Sort of, but not really.  There's a hack which dates back to PWB/UNIX, and
is still around in System V, where you can stick a "tab specification" into
a file indicating where the tab stops should be for that file.  I think the
S5 "ed" will do its own tab expansion on output if it's editing such a file,
and there are programs to do the tab expansion on files like that for
printing.  The S5 "tabs" command can take a "tab specification" and set the
hardware tabs according to that specification, or can read a file and set
the tabs for the tab specification in that file.  I don't think the "vi"
supplied with S5 knows about them, however.  Given what PWB/UNIX was
originally intended for, it should be obvious why this "tab specification"
stuff was stuck into PWB/UNIX.
-- 
	Guy Harris
	{ihnp4, decvax, seismo, decwrl, ...}!sun!guy
	guy@sun.com (or guy@sun.arpa)

bls@mtx5w.UUCP (Bernard Smith) (06/11/86)

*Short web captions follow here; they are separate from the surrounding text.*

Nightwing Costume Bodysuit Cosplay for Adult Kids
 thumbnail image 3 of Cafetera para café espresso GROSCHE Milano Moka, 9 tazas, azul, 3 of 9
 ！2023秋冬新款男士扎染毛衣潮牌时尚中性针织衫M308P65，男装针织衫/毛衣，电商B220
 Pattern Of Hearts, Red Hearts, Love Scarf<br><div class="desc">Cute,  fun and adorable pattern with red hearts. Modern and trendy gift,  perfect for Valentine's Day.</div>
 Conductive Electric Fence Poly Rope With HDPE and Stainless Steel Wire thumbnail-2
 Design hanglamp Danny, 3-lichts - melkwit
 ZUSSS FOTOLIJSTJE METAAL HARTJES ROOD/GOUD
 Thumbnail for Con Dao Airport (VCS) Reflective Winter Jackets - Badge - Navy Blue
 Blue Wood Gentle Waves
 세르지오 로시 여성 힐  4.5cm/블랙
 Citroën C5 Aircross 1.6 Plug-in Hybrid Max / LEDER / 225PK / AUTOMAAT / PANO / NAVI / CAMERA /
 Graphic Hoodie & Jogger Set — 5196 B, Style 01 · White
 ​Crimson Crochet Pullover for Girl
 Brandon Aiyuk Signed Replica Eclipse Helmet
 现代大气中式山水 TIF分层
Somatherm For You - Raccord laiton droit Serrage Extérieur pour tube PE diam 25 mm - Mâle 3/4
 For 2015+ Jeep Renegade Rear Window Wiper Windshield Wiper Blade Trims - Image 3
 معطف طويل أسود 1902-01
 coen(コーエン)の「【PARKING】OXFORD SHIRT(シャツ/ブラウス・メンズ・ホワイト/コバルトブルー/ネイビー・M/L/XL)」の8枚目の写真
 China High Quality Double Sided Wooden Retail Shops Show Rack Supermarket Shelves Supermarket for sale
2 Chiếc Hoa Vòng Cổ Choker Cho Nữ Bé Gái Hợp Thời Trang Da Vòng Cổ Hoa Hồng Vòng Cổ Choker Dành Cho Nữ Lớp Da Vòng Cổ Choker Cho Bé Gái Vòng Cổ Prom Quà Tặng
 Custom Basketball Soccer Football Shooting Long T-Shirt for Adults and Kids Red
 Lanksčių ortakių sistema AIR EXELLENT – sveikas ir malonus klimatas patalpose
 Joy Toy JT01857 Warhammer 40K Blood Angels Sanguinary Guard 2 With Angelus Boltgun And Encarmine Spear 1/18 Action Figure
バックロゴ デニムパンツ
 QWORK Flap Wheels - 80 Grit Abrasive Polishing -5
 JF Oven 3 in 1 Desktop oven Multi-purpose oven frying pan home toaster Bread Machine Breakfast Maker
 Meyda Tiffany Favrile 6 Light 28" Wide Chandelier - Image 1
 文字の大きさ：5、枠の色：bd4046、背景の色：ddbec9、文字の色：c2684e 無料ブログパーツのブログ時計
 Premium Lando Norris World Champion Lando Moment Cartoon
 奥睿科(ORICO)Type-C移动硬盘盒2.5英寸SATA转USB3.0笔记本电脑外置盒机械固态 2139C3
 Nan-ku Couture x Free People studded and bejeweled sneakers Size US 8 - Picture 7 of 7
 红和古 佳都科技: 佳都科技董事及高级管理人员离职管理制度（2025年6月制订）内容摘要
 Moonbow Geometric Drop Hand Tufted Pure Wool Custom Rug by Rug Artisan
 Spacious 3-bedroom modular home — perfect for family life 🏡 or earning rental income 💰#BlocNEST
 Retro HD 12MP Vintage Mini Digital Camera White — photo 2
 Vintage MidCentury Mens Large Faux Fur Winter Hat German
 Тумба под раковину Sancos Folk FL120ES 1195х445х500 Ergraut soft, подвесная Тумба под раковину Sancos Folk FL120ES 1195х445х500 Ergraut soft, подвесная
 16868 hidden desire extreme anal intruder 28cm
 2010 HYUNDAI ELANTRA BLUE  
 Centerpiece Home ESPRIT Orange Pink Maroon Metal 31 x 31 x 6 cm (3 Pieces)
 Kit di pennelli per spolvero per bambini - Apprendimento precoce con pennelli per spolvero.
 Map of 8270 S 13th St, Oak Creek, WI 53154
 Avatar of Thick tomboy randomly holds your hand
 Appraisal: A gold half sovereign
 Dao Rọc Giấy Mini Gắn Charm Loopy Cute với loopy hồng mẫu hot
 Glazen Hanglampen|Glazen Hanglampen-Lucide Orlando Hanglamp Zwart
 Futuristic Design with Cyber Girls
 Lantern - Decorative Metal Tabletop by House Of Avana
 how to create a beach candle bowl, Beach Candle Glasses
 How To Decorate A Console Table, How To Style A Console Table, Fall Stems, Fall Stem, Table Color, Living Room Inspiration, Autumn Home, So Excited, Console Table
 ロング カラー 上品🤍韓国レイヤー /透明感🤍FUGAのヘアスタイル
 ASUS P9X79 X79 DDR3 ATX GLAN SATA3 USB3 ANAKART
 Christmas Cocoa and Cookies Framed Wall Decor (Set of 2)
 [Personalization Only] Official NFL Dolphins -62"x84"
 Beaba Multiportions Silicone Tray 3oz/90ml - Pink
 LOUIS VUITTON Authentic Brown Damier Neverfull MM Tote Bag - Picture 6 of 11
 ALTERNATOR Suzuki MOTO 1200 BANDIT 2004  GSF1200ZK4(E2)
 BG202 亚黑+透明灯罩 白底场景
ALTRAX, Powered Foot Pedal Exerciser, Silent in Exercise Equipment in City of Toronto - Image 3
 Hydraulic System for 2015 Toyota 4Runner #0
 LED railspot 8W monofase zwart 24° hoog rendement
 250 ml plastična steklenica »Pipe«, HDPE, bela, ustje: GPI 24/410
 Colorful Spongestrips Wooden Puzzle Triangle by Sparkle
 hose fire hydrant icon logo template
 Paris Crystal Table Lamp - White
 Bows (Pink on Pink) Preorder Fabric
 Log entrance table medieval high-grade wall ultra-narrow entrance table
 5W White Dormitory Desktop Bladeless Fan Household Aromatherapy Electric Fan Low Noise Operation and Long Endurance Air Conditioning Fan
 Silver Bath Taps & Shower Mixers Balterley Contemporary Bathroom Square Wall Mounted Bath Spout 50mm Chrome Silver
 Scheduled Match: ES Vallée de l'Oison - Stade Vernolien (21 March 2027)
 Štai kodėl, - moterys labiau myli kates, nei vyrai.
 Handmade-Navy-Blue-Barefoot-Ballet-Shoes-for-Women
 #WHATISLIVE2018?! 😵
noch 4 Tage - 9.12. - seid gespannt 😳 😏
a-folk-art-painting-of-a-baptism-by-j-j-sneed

> > In article <-18363551@sneaky> gordon@sneaky writes:
> > 		^^^^^ ????
> 
> It's a "notesfiles" site, presumably; they don't use the ordinal number
> of the article to generate the article ID.  They don't have to, either; the
> article ID merely has to be unique.
> 
> > Correct me if I'm wrong, but I was under the impression that UN*X tabs
> > are at columns 1,9,17,25 etc and that this is not recommended, but in
> > fact *required* to get anywhere (e.g. ls emits tabs ).
> 
> Sort of, but not really.  There's a hack which dates back to PWB/UNIX, and
> is still around in System V, where you can stick a "tab specification" into
> a file indicating where the tab stops should be for that file.  I think the
> S5 "ed" will do its own tab expansion on output if it's editing such a file,
> and there are programs to do the tab expansion on files like that for
> printing.  The S5 "tabs" command can take a "tab specification" and set the
> hardware tabs according to that specification, or can read a file and set
> the tabs for the tab specification in that file.  I don't think the "vi"
> supplied with S5 knows about them, however.  Given what PWB/UNIX was
> originally intended for, it should be obvious why this "tab specification"
> stuff was stuck into PWB/UNIX.
> -- 
Tab specifications can be passed to vi (in S5) using a file .exrc in your
home directory: I use tabs every four columns (1, 5, 9, etc.) and my
.exrc file contains (in part)
set ts=4 shiftwidth=4
set ht=4

Bernard Smith, AT&TIS, Middletown, N.J.